Paso ahora a la reflexión. A un mundo con sentido le es esencial el orden, la configuración determinada, la medida y la ley. De ahí que Ovidio, como todos los escritores que en tiempo de la Grecia Clásica y de la Antigua Roma reflexionaban sobre el origen del mundo y de los hombres, creyera que al principio fue el caos: el desorden, la mezcla de todos los elementos, lo informe, la ausencia de ley. De ahí igualmente que pensara en la existencia de un dios que acabara con ese caos: separando lo que estaba mal ensamblado, realizando así una actividad diferenciadora; dando luz a los astros, realizando así una actividad de clarividencia; y poniendo cada cosa en su sitio, realizando así una actividad ordenadora. Y, por último, como culminación de la creación, el gran dios creó al hombre, el animal de rostro erguido, dotado de profundo pensamiento y dominador de todos los demás seres.
La concepción semiótica del mundo, que parte de la base que antes del hombre nada tenía significación y sentido, también refleja esa herencia que viene desde los tiempos de la Grecia clásica, donde sólo gracias a un dios sabio y creador el mundo cobró sentido. De la mano de Greimas, herencia de Saussure, se afirma que a la significación le es esencial la diferenciación. También esa fue la tarea del dios constructor en la vieja mitología: «después que diferenció estas cosas y las liberó del oscuro montón…». La diferencia ya existe en la naturaleza, unas veces manifiesta y otras ocultas. Pero la tarea diferenciadora, el descubrimiento de las diferencias, no puede presentarse como la potencia creadora de las diferencias, como así lo pensaba Ovidio. La única distinción a tener en cuenta aquí es que esa capacidad diferenciadora la situaba Ovidio en el dios constructor, y los semiólogos en el hombre significador.

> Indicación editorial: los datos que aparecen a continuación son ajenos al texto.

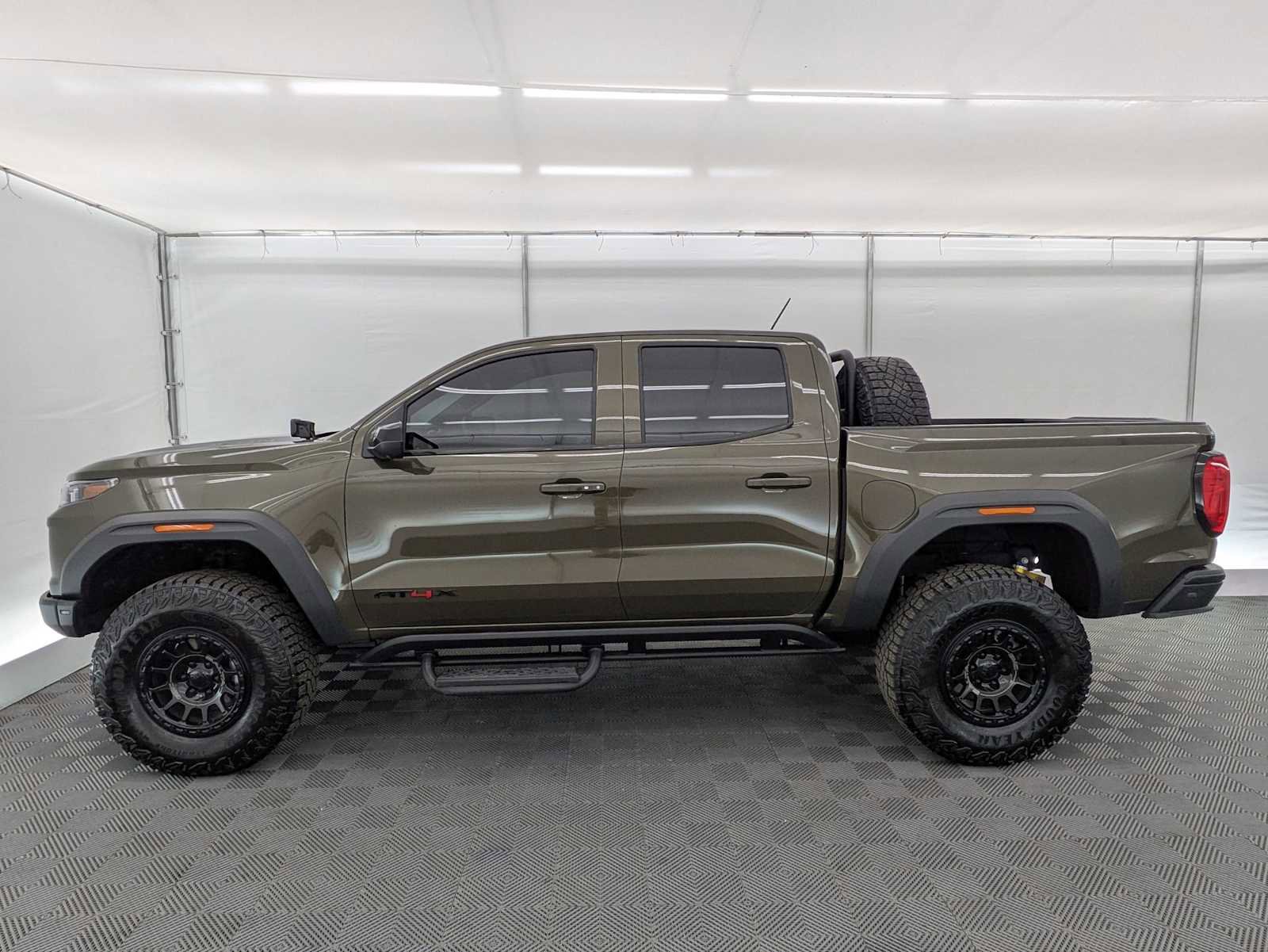 Used 2024 GMC Canyon AT4X w/ AT4X AEV Edition AWD/4WD image 3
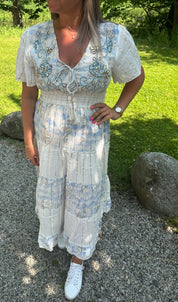 Celine- Klänning -  Mönster - Ljusblå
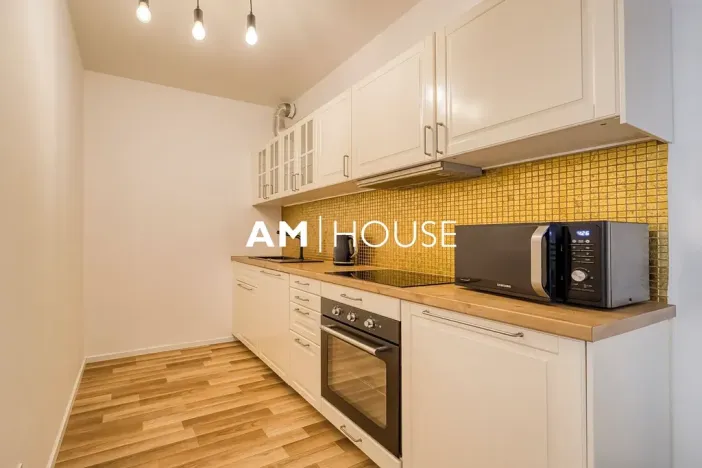 Pronájem bytu 1+kk, Praha - Strašnice, Zvěřinova, 51 m2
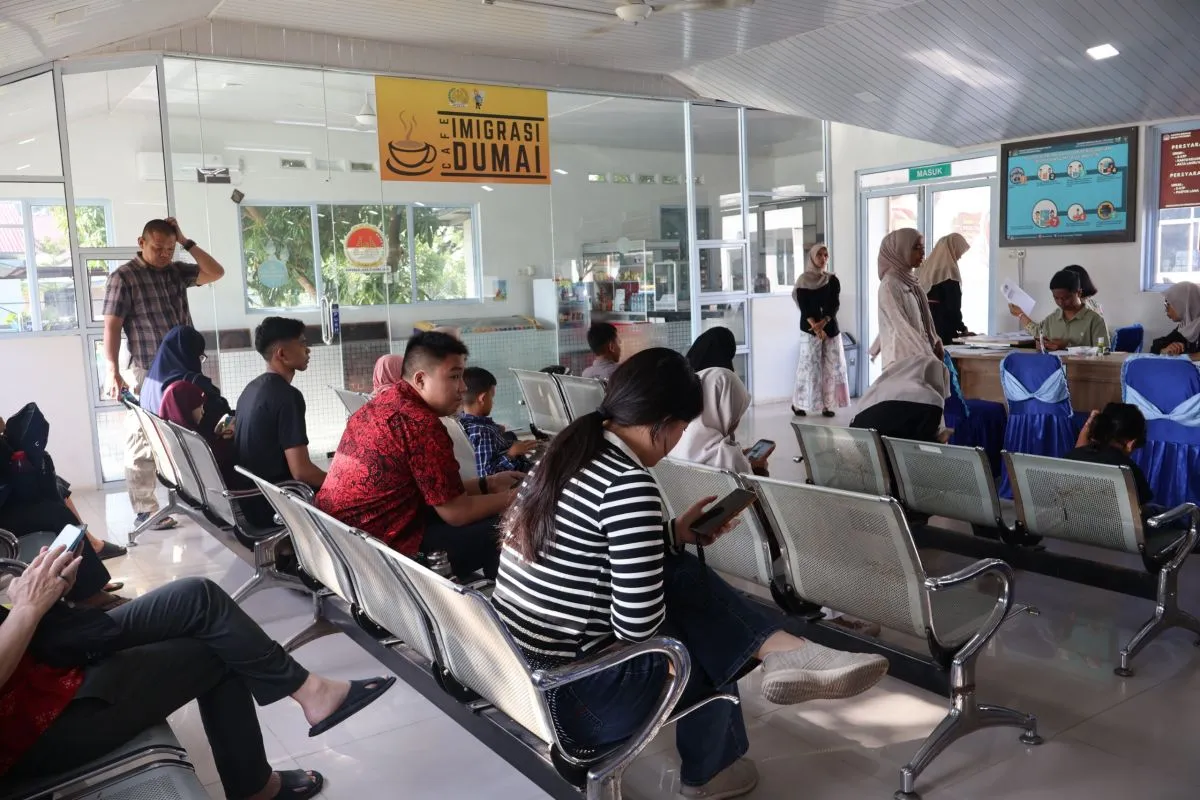 Suasana pelayanan paspor di Kantor Imigrasi Dumai.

Los conceptos son sin duda poderosos mecanismos mediante los cuales el hombre alcanza el conocimiento de las esencias de las cosas, pero eso no nos debe llevar a pensar que sólo por medio del concepto el ser adquiere su verdadera forma y su verdadera existencia. No deberíamos llegar al extremo de pensar que sin el concepto el ser se perdería en la noche de los tiempos, que sin espejos el color de las cosas se oscurecería, que sin el sentido del olfato los olores perderían su existencia, que sin los oídos los sonidos se desvanecerían, no podemos, en suma, convertir la subjetividad en el medio por el cual el resto de las cosas vivas e inertes adquieren el ser y la existencia acabadas.
Dios es una creación del hombre. Feuerbach para superar esta contradicción nos aconsejó transformar la religión en antropología, descubrir al hombre en dios, pero no podemos invertir esa dirección a la que nos lleva ciertos semiólogos: ver al hombre como a un dios, presentarlo como el fin de la existencia, y hacer de la facultad sígnica la potencia mediante la cual todo es. Tal vez debamos romper todos los espejos de la tierra para contemplar así que el ser permanece y se conserva.